How to avoid a cosmic catastrophe


[ad_1]

Imagine an advanced civilization somewhere in the universe, which has developed a particle accelerator that strikes electrons at the Planck Energy, the scale where gravity is to be described mechanically quantum. This energy scale is not an easy task for a collider, because it corresponds to ten quintillions (1019) times the resting mass of the proton. To achieve this energy with our existing acceleration technology would require a linear collider 10,000 light years in length.

But various concepts of plasma laser accelerators, on which I worked for my doctorate, can potentially shorten the required acceleration distance by a factor of 10,000, reducing the size of such a collider to the size of the Oort cloud that surrounds the solar system. And so, one could optimistically imagine that a very advanced civilization could generate collisions of electrons at Planck energies within its original planetary system.

It turns out that the hypothetical feasibility of such an experiment is a cause for concern for all civilizations in the universe. Let me explain.

Based on acceleration of expansion of the universe, we know that the void is not empty but has dark energy density. Planck energy particle collisions can trigger a local tunnel from vacuum to a lower energy state. The quantum transition between the two states may require high energies to overcome the barrier between the two states, as well as to produce a bubble large enough that the energy drawn from the increase in its volume exceeds the energy invested in the bubble. tension of its surface. This surface is reminiscent of the skin of a soap bubble, here blown by burning the “fuel” of black energy inside.

Triggering the decay of the vacuum in a sufficiently large bubble at the collider location would produce an expanding combustion front, known as “domain wallBehind which the energy density of a vacuum will be converted into heat – much like a detonation wave burns through explosive material. This spherical hot front will move outward at the speed of light and release an unprecedented amount of energy into space, heating along its path. If all the dark energy is converted into heat, it would bring an unlimited volume swept by the scorching front to a temperature of 30 degrees above absolute zero, 10 times hotter and 10,000 times more energy dense than the radiation of the cosmic microwave background, left by the hot big bang.

Would such a heat wave be cause for concern? The bad news is that we wouldn’t be getting any warning until this cosmic catastrophe hits us in the face because no warning signal can travel faster than light to alert us to risk. But that might also be good news, as it implies that any resulting devastation would happen instantly and be as surprising as the Chicxulub impactor was to the dinosaurs. We would never know what hit us.

One way to avoid such a cosmic catastrophe is to establish an interstellar treaty, similar to the Nuclear Test Ban Treaty, first signed in 1963 by the governments of the Soviet Union, the United Kingdom and the United States. The objective of the “Planck Collider Treaty” would be to protect our cosmic environment from artificially produced domain walls. Without such a treaty, we would not want all civilizations to behave responsibly when they have acquired the technological maturity to build a Planck-energy collider. Hopefully our neighbors would show cosmic responsibility.

In the long run, the need to sign a treaty only squeezes our galaxy, the Milky Way, and its closest neighbor, Andromeda; it does not extend beyond the Local group galaxies. Even without a treaty signed or honored on extended intergalactic scales, the accelerated expansion of the universe will ultimately save us from the risk of a Planck collider disaster. All galaxies beyond “Milkomeda(The result of a possible merger between Milky Way and Andromeda, which my colleague TJ Cox and I named in a 2007 article) will eventually move back of us faster than light. As I showed in an article from 2002, once all the other galaxies leave our horizon of cosmic events, nothing that happens in them can affect us because all the causal signals propagate at most at the speed of light. Once the universe ages by another factor of ten, Milkomeda will only be surrounded by dark space.

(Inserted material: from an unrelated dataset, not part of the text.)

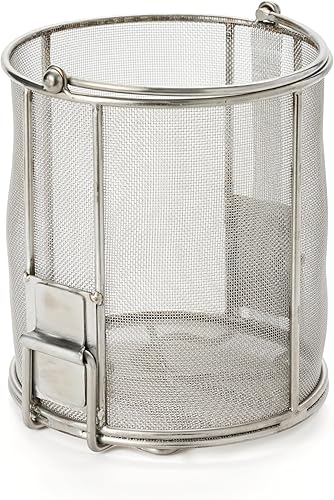Dip N' Drain - La mejor cesta de limpieza de piezas de acero inoxidable Se adapta a cualquier cubo de 2 galones, malla de 132 , mango oscilante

The accelerated cosmic expansion will sweep away all of Planck’s risky colliders in distant galaxies far from us, ultimately protecting us from any accidents. This is another example of Mother Nature’s kindness to us. We are blessed with unmistakable social distancing on a cosmic scale. After all, a cosmic domain wall could be much more dangerous than COVID-19 because fundamental physics offers no escape from its scorching light-speed sweep.

[ad_2]

About Johnnie Gross

Check Also

Anil Kapoor tells George Clooney about his grandson Vayu’s first ‘exposure to the universe’, says he’s ‘slowly connecting’ with him

Anil Kapoor loves the experience of being a grandfather, and in a recent chat with …

Leave a Reply

Your email address will not be published.